Labour leadership: a pair of what ifs

A bit too busy with the dissertation to blog much right now, but a couple of thoughts I thought I’d put out there to see if they might spark a discussion.

First, returning to a thought I had a few months ago, what if John Smith hadn’t stood for Labour leader in 1992? (Probably for health reasons, but the whys of it aren’t important) Would the line up of candidates look that impressive at the time? Sure, Blair was only two years away from winning the leadership but in 1992 he was relatively obscure and hadn’t come up with ‘tough on crime, tough on the causes of crime’. Would a call to modernise then fall on the same stony ground as Liz Kendall’s have now? Who else would be a credible contender in the climate of 1992?

Second, would a lot of the current trouble have been avoided if Labour’s electoral system was more like the Conservatives? Rather than just increasing the number of MPs needed to get nominated, Miliband’s reforms had followed the Tories in giving MPs an extended primary where they whittled down a large number of candidates to just two to face the membership/supporters/affiliates vote? With a much lower initial bar to being nominated, but a much-higher one to reach the voters, candidates who dropped out because of insufficient support this time like Mary Creagh and Tristram Hunt could have been part of the process, while no one would have needed to lend Corbyn any nominations, but a lack of support from MPs would prevent him making it to the final stage. Would it have ended up as Burnham vs Cooper, or might something different have happened?

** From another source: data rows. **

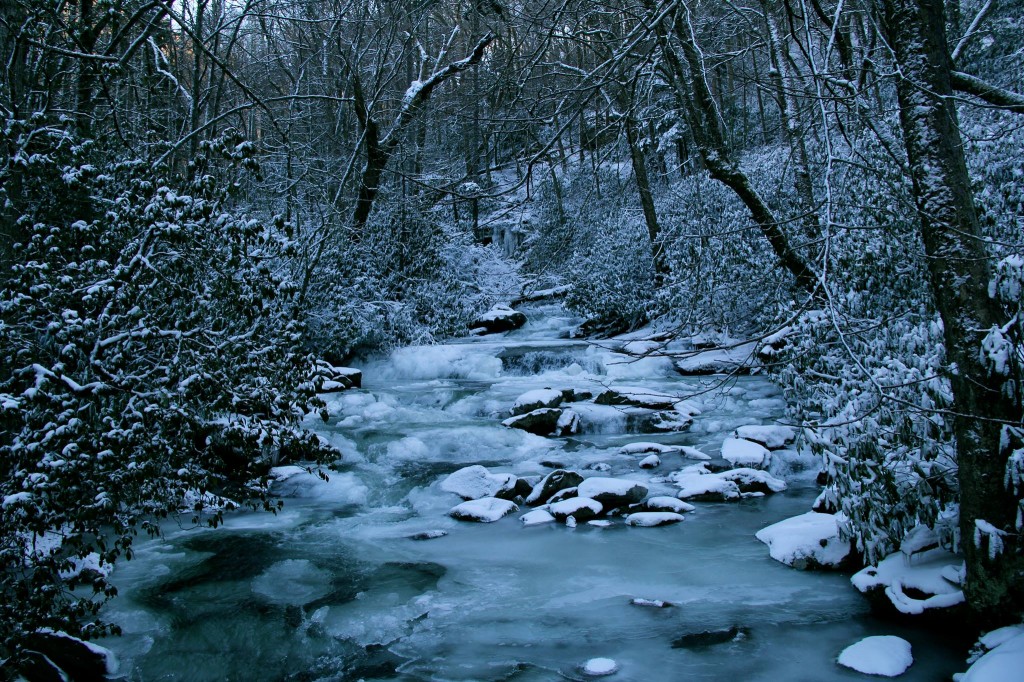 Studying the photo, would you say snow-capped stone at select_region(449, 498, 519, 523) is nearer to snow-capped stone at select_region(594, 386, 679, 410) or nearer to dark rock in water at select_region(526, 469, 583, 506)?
dark rock in water at select_region(526, 469, 583, 506)

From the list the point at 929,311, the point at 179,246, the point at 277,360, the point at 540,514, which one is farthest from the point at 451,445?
the point at 929,311

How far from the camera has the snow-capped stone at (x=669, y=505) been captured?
A: 7629 millimetres

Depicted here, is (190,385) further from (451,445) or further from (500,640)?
(451,445)

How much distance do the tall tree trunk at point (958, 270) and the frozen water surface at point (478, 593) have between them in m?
1.06

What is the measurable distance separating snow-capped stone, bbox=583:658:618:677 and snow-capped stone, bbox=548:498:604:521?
2.83 m

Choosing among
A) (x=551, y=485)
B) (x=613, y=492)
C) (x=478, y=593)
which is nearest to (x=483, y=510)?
(x=551, y=485)

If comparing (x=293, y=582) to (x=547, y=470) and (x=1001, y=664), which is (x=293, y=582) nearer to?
(x=547, y=470)

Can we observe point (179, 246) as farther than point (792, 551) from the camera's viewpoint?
No

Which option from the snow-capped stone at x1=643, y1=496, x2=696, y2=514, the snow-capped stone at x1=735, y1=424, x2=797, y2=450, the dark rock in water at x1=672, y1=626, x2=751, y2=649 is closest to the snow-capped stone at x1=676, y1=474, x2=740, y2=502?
the snow-capped stone at x1=643, y1=496, x2=696, y2=514

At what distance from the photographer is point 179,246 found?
526 cm

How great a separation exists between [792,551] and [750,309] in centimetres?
800

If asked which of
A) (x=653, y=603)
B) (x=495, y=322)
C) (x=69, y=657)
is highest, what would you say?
(x=495, y=322)

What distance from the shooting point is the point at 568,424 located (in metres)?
11.4

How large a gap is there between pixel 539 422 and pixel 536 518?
12.4 feet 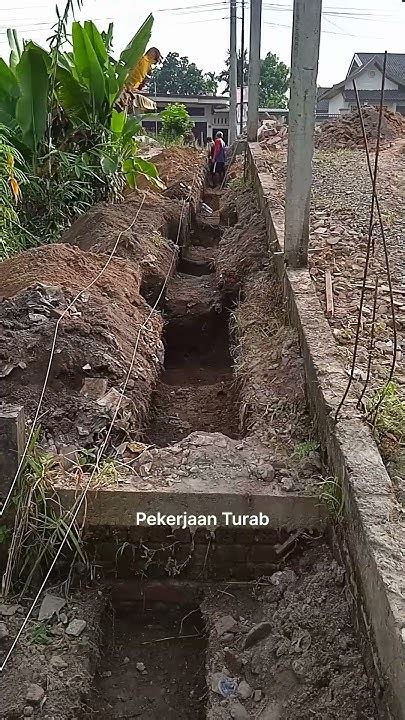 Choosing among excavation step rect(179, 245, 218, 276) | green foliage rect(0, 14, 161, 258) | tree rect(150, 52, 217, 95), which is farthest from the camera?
tree rect(150, 52, 217, 95)

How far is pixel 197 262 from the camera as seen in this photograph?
28.3ft

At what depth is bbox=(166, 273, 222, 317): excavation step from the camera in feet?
21.2

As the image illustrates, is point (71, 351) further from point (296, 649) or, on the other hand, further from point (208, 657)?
point (296, 649)

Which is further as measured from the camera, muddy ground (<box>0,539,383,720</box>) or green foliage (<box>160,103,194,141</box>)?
green foliage (<box>160,103,194,141</box>)

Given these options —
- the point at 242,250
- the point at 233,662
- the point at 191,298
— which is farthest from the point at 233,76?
the point at 233,662

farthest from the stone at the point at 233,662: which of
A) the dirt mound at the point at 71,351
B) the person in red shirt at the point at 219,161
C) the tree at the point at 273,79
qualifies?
the tree at the point at 273,79

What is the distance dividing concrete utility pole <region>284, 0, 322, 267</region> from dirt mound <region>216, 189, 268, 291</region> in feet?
4.83

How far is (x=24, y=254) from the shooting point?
5379 millimetres

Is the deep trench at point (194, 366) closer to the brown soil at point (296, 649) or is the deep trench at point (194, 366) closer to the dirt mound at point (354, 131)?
the brown soil at point (296, 649)

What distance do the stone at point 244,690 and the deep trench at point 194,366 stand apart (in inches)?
69.1

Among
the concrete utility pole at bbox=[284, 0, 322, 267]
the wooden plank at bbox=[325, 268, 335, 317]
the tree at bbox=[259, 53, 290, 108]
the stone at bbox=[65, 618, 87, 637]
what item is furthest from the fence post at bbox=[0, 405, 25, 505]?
the tree at bbox=[259, 53, 290, 108]

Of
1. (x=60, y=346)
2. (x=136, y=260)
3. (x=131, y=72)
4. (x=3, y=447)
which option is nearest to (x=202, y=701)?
(x=3, y=447)

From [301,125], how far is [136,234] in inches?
108

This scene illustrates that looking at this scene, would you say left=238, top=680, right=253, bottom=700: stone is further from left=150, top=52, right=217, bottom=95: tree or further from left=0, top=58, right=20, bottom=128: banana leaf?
left=150, top=52, right=217, bottom=95: tree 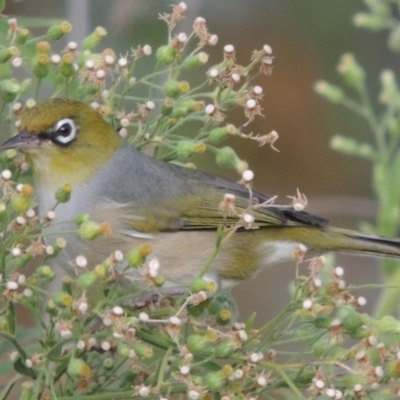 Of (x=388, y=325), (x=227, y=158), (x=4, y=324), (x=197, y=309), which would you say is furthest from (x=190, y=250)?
(x=4, y=324)

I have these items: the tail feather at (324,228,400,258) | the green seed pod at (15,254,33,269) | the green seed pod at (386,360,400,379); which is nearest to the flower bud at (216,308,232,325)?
the green seed pod at (386,360,400,379)


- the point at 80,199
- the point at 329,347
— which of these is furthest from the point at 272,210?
the point at 329,347

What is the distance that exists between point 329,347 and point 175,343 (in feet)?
1.52

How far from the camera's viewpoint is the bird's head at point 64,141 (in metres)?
3.36

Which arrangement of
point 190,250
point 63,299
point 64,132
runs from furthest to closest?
point 190,250 → point 64,132 → point 63,299

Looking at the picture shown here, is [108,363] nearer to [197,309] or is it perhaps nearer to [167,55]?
[197,309]

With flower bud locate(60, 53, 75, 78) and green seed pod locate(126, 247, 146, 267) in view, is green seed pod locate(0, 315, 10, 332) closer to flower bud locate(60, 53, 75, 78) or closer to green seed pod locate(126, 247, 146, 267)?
green seed pod locate(126, 247, 146, 267)

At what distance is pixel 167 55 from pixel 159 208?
92 cm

(I actually think the Tory leadership election process is a good one, that only has such a bad reputation because the first time it was tried, it was given a selection of poor candidates and a party that didn’t want to be united)

5 thoughts on “Labour leadership: a pair of what ifs”

  1. I find all the who-ha over the canditature of Corbyn slightly amusing.

    I am reminded of an aposite quotation on this subject:

    “The Money power denounces, as public enemies, all who question its methods or throw light upon its crimes.” – William Jennings Bryan – US Congressman (1891-1895), US Secretary of State (1913-1915)


  2. I blame the candidates much more than the election system.

    Too often, Kendall, Cooper and Burnham have tried to draw from the Tony Blair playbook, without having his charisma or his Granita deal with a Brown figure who brought in some support from the left.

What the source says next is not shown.